---------- MATERIAL PROVIDED
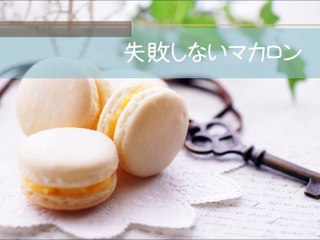 飯田祐巳も簡単に作れちゃう！マカロン❤ (4)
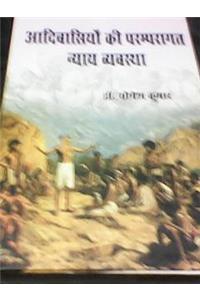 Aadivasiyoan Ki Paramparagath Nyay Vyavastha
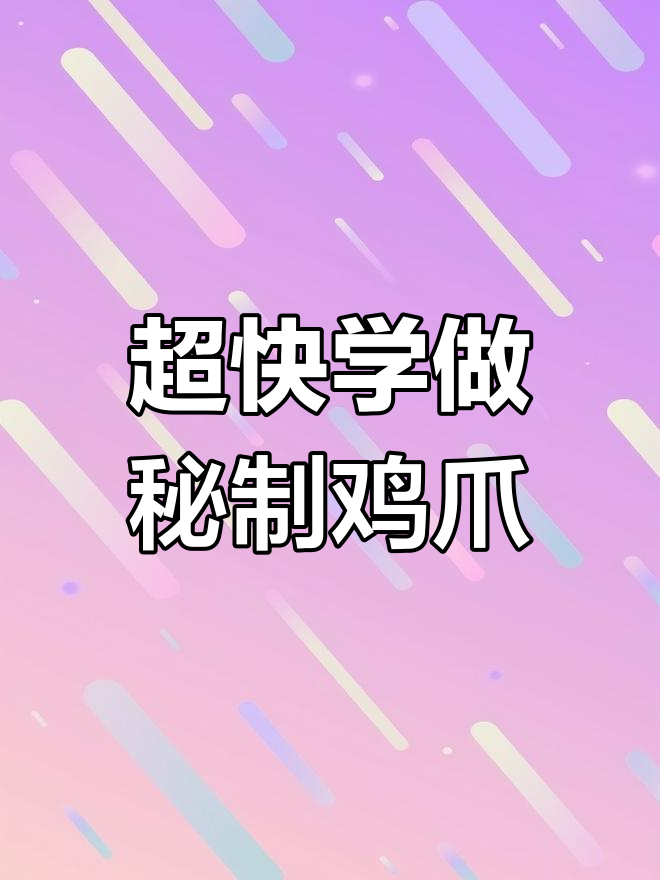 秘制鸡爪子,十秒学会超美味做法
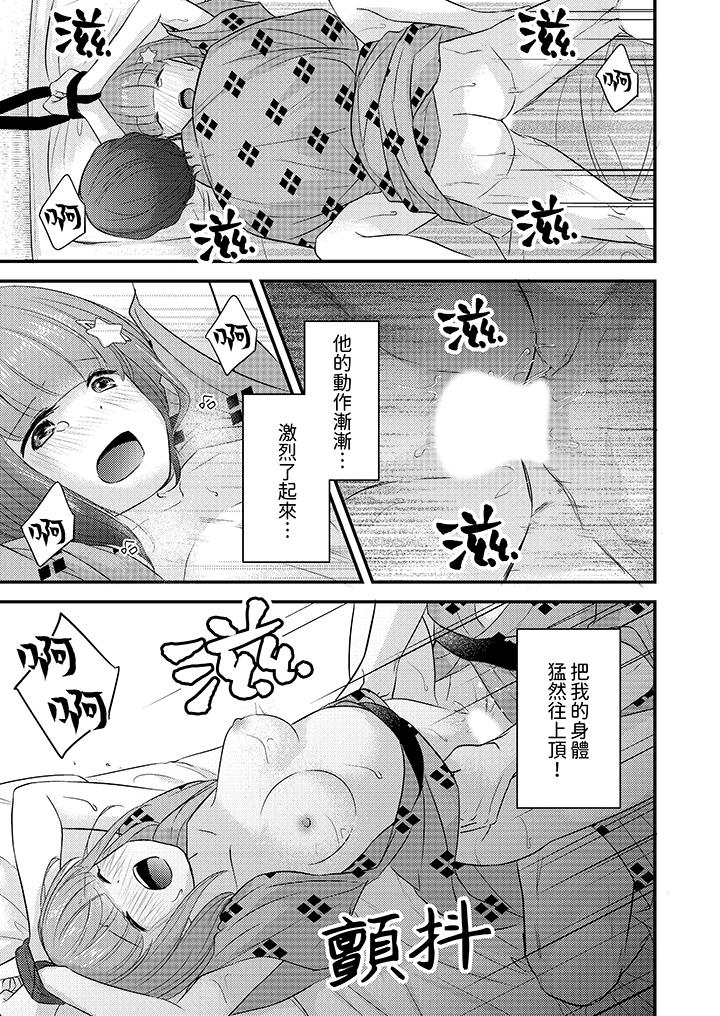 第10话 第 6 页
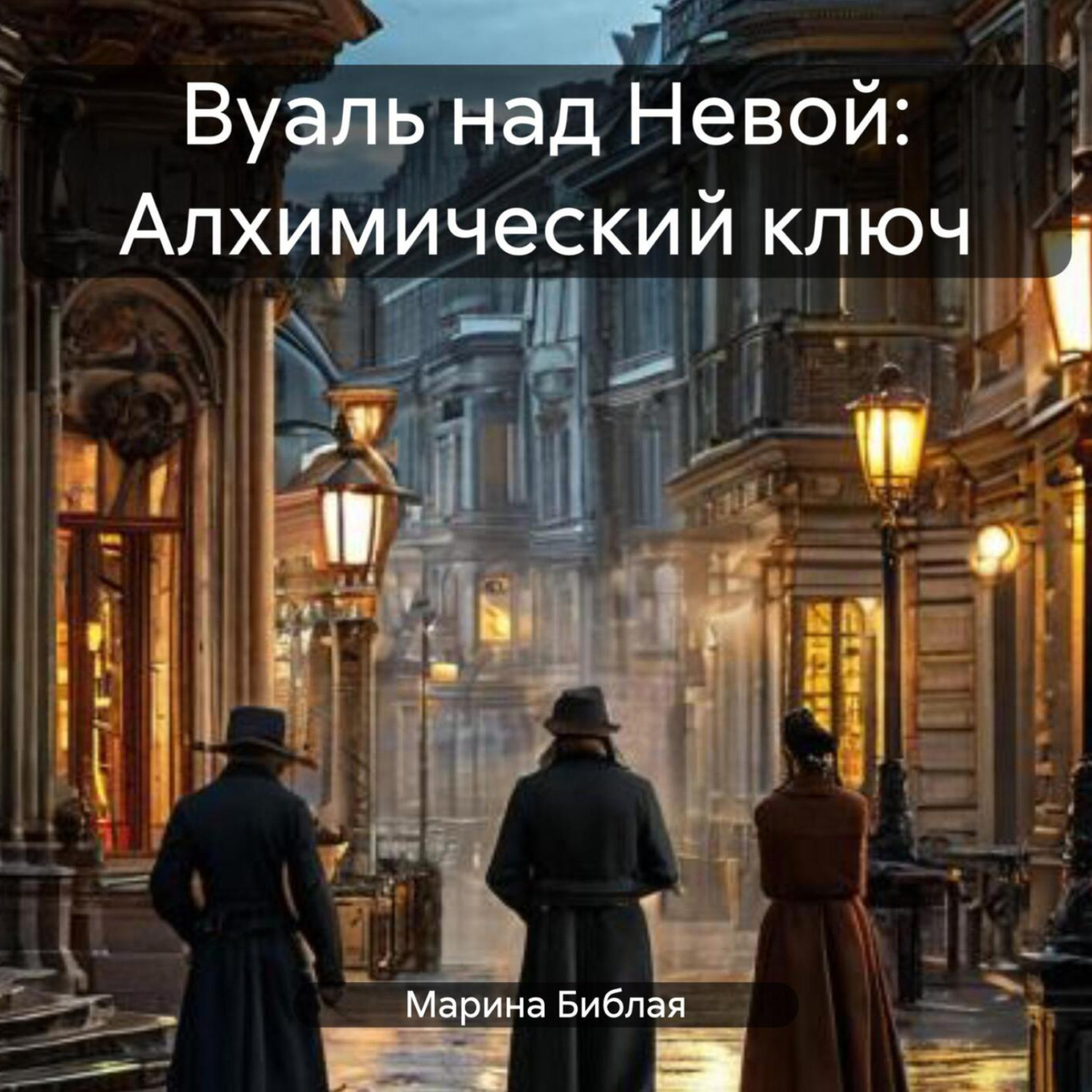 Обложка книги «Вуаль над Невой: Алхимический ключ»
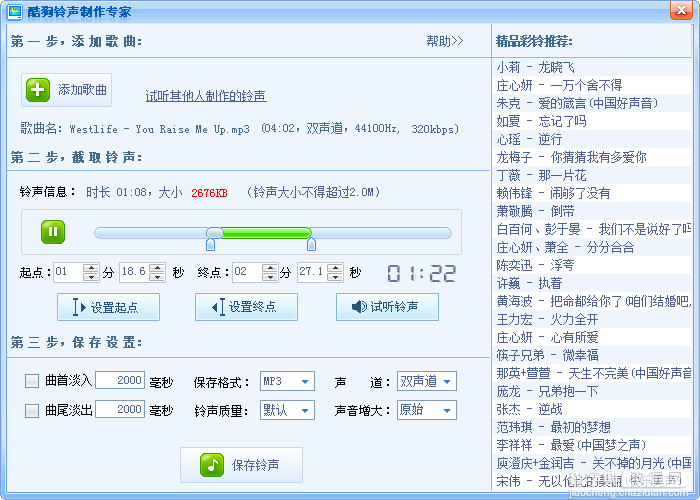 酷狗快速制作手机铃声图文步骤2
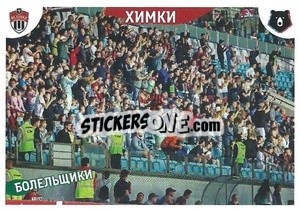 Sticker Химки - Russian Premier League 2022-2023
 n. 443 - Panini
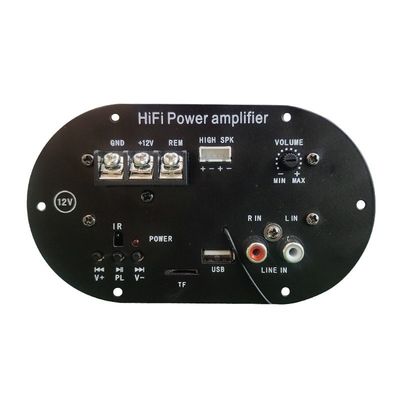 50W Subwoofer Tube TF Card BT Mainboard Audio Accessory CAR AMPLIFIER القالب الخاص لا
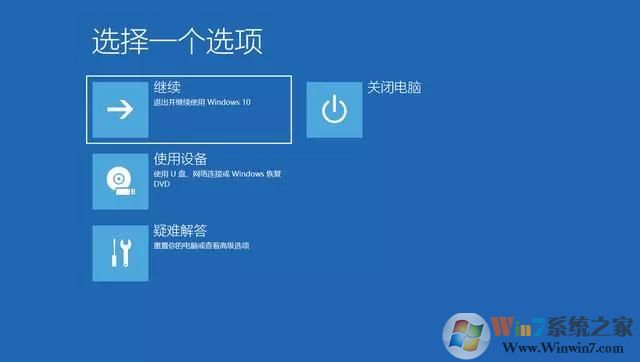 Win10进入高级启动模式(Win10怎么进入高级启动三种方法)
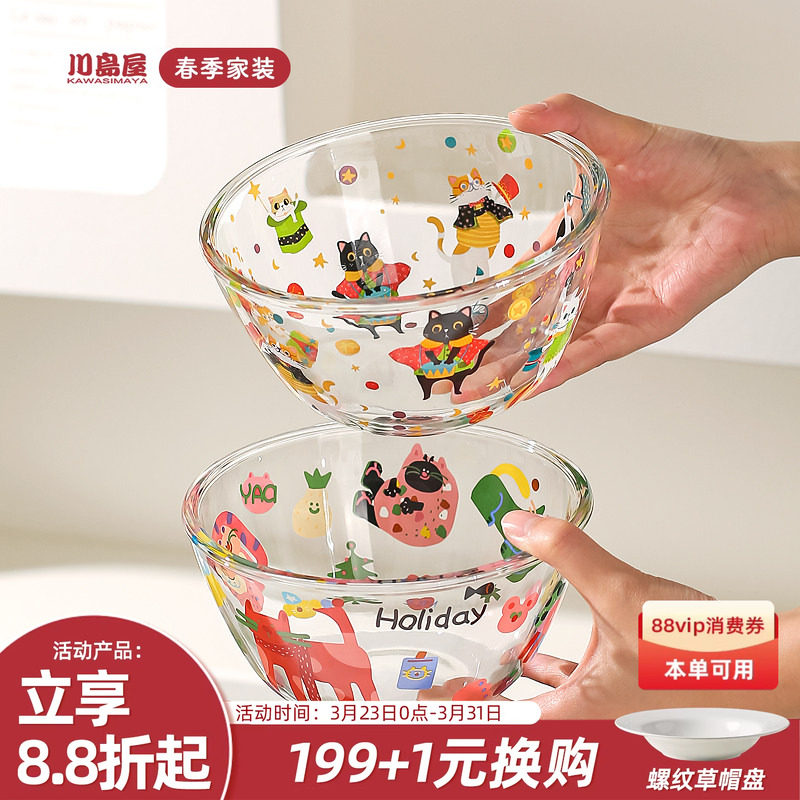 川岛屋透明玻璃碗高颜值水果沙拉碗家用可爱燕麦片早餐酸奶甜品碗
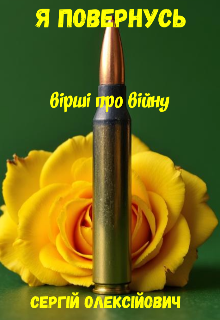 Я повернусь 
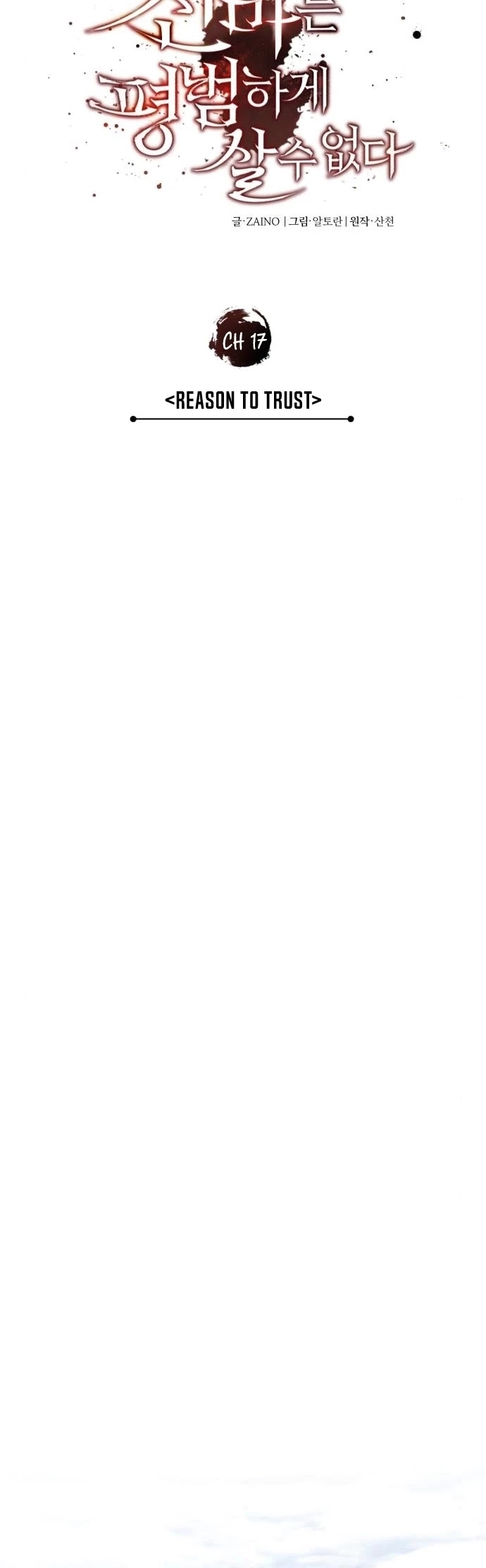 صفحة 19 — The Heavenly Demon Can't Live A Normal Life الفصل 17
--------------------
Starting at the line that contains "Sticker Химки - Russian", reproduce exactly and only the lines through the end of the entries above, with the pictures excluded.

SOLUTION BELOW:
 Sticker Химки - Russian Premier League 2022-2023
 n. 443 - Panini
 50W Subwoofer Tube TF Card BT Mainboard Audio Accessory CAR AMPLIFIER القالب الخاص لا
 Win10进入高级启动模式(Win10怎么进入高级启动三种方法)
 川岛屋透明玻璃碗高颜值水果沙拉碗家用可爱燕麦片早餐酸奶甜品碗
 Я повернусь 
 صفحة 19 — The Heavenly Demon Can't Live A Normal Life الفصل 17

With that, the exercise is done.